In situ hybridisation
Oligonucleotide probes for in situ hybridisation were designed using the software program OLIGO (Plymouth, MN, USA). The specificity of binding of all oligonucleotide probes used in this study was controlled for by displacement with 100-fold excess cold probe and hybridisation of sense probes. For each gene analysed, a second probe designed to a different region on the gene was also used to act as an additional control. Probes were checked by BLAST searching against all publicly available databases. See Table 1 for oligoprobe sequences.
Table 1.
Sequences of oligonucleotide probes used for in situ hybridisation
| Gene | Accession Number | Sequence (main probe) | Nucleotides (main probe) | Sequence (2nd probe) | Nucleotides (2nd probe) |
|---|---|---|---|---|---|
| Navl. 2 | X03639 | gcagaatccagagacttcagcggggcaggcgggataggtgttttc | 1615–1659 | tccacagtaccaacaacgacagccagagccctacactgcctctta | 7970–8014 |
| Navl. 3 | Y00766 | cctgtctccatcggctctgtggtttccctccaagtgttccctctg | 1935–1980 | gttagaatggacggtgccaccccctgtagttcttcagatttgggc | 267–311 |
| Navl. 6 | L39018 | taatttccacctcagtcgttgcctcagcaggagccgcccgatgtg | 1966–2010 | gcctggttgcggttcccctggaggactttgacccttactatt | 392–433 |
| Naβl.l | M91808 | gcttgatggggtgaagaggggtcgggacagggacagtagtgggc | 1253–1296 | aagtggcctatgtgcaaatcagcaaaaagaagggggcggggcctg | 1174–1218 |
| Naβ2.1 | U37026 | gcagagagtgagaggagacaggacacaggaaggggcttcagggca | 824–868 | ttaggcgggtgggctgtgggaaagggtgattgagggaccaaggac | 105–149 |
| β3 | AJ243395 | ggggaagcaatctgttgaaggcaggcatcttttccaccgtaagcg | 346–390 | gatcttgcgaagccccgatgctggacgattaggtggtcaaaccgt | 23–63 |
Oligonucleotide probes for in situ hybridisation were designed on the software programme OLIGO (Plymouth, MN, USA)
Animals were killed by anaesthetic overdose after the final collection of tissue (Enfluorane, Abbot). All tissue was rapidly dissected and snap-frozen in isopentane on dry ice. Tissue was then sectioned at 5 and 10 μm and thaw mounted onto sterile poly-l-lysine-coated slides (BDH, Dorset, UK).
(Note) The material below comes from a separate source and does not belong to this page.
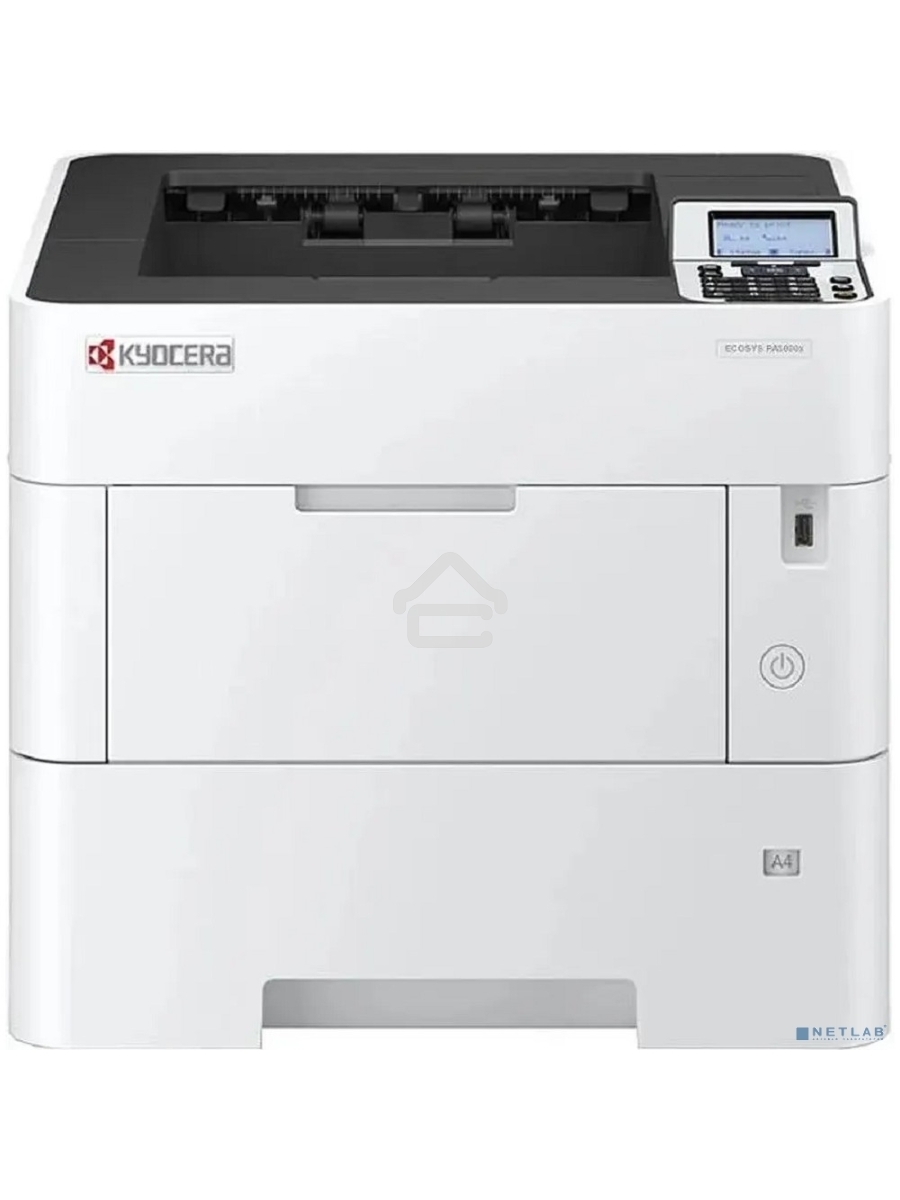 Принтер лазерный Kyocera PA5000x (110C0X3NL0), A4, ч/б, печ. до 50 стр/мин., 1200 x 1200 dpi, USB, RJ-45, Air Print, Mopria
Sections were fixed in 4 % paraformaldehyde (PFA) in sterile phosphate-buffered solution (PBS) and stored under 95 % ethanol at 4 °C until hybridisation.
Oligonucleotide probes (see Table 1 for probe sequences) were 3′ labelled using terminal deoxynucleotidyl transferase (Roche, East Sussex, UK) and [35S]dATP (1000 Ci mmol−1, 5 μl; Amersham, Arlington Heights, IL, USA), and subsequently purified using Sephadex Biospin 6 columns (Biorad, Hertfordshire, UK).
Hybridisation was performed overnight (approximately 18 h) at 42 °C with 35S-labelled probe in hybridisation buffer (4 × standard sodium citrate (SSC), 50 % deionised formamide) at a concentration of 3000 counts min−1μl−1. Following hybridisation, slides were washed in 1 × SSC at room temperature for 30 min and 1 × SSC at 55 °C for 30 min, rinsed in 1 × SSC, 0.1 × SSC and dehydrated. The slides were then air dried and apposed to Kodak β-hyperfilm (Amersham) for 10 days.
Analysis of in situ hybridisation autoradiographs was carried out using an MCID image analyser (model M4, Imageworks, Ontario, Canada). The image was scanned and converted into a digitized image of 256 shades of grey. Comparison with known relative optical density (ROD) values allowed ROD measurements to be made. Measurements were made by selecting a well defined region of interest or by using a template of fixed size over the area. Measurements were taken over the linear range of ROD levels. Averaged ROD readings were presented as means ±s.e.m.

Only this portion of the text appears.